May 09 2018 - by Lois Parkes, CLP's Regional Project Manager

What exactly is the distinction between leadership and management? Diffen.com offers the following comparative definitions – “Leadership is setting a new direction or vision for a group that they follow — i.e., a leader is the spearhead for that new direction. On the other hand, management controls or directs people/resources in a group according to principles or values that have already been established.”[i]

Put another way, management is concerned with the efficiency and effectiveness of existing systems, sometimes using a more directive style and role authority in the process. On the other hand, leadership is concerned with identifying and bringing into existence new systems, products, services etc., and influencing and enabling others in the process.

In reality, the roles of leaders and managers are not separated. Undertaking leadership and managerial responsibilities is a juggling act, and a polarity that has to be balanced to achieve both operational efficiency and effectiveness and change that organisations require. If the truth is told, managerial demands often end up being the winner in what often seems to be the battle between these roles, as the urgent and now often takes precedence over future-focused strategic issues.

So how can a leader/manager adequately balance both roles? There is no magic bullet, however, here are a few suggestions/considerations:

  • Set specific targets that relate to strategic leadership issues.

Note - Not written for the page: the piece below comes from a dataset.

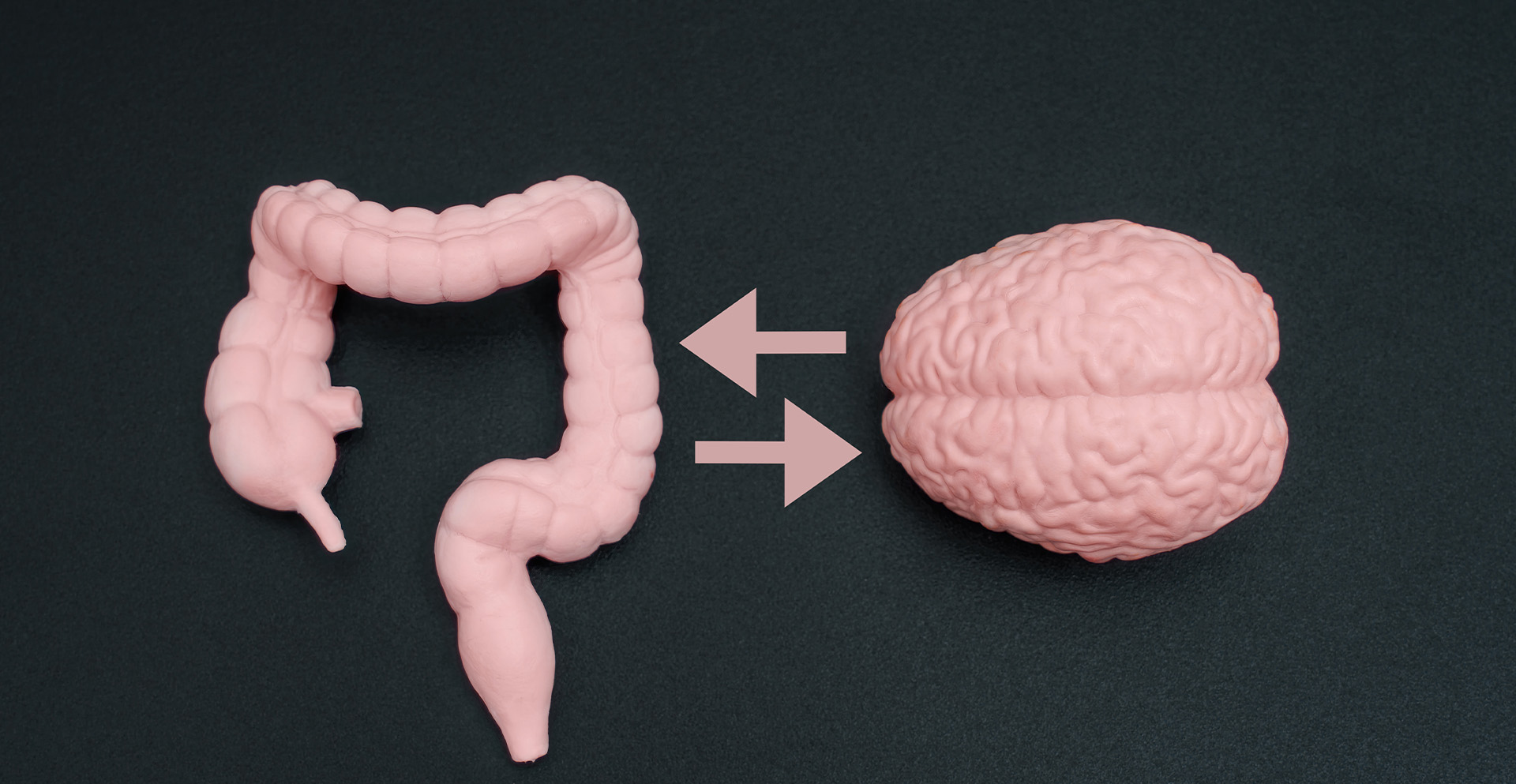 Briana Nutrition | Prenatal/Postnatal Nutrition, Weight Loss and Nutritionist Near Me: A Guide to Wellness in NYC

As the old adage goes, “What gets measured, gets done.” Having leadership-related outputs integrated into the performance management system is one way, not only to provide goal direction, but to measure progress. If the organisation does not have a robust performance management system, there is no reason why an individual leader cannot still develop their own work plan, that includes a focus on leadership issues, and not only on managerial tasks;
  • Determine what is truly important. Here is another relevant adage, “Nobody is too busy; it’s just a matter of priorities.” If strategic leadership issues are always being placed on the back burner of your agenda, the question that must be confronted is whether these issues are considered truly important. If they are important, then what must follow is a re-alignment of priorities.
  • Make the time. A common ability among effective leaders is to manage their time wisely. This requires focused attention on analysing how one’s time is truly spent; how much time is wasted in badly-managed meetings, not delegating effectively, not saying no when this is needed etc.? Then a determination has to be made on deliberately making time for roles and tasks identified at #2.                                              

As you reflect on this blog, you are invited to share:

  • What are some of the specific challenges that you face in balancing your roles as a leader/manager?
  • What strategies have you, or others around you, used to create the balance between leadership and managerial roles?

We also encourage you to register today for CLP's Leadership Symposium which will be held on June 28th & 29th in JamaicaClick here to secure your place before the May 18th deadline!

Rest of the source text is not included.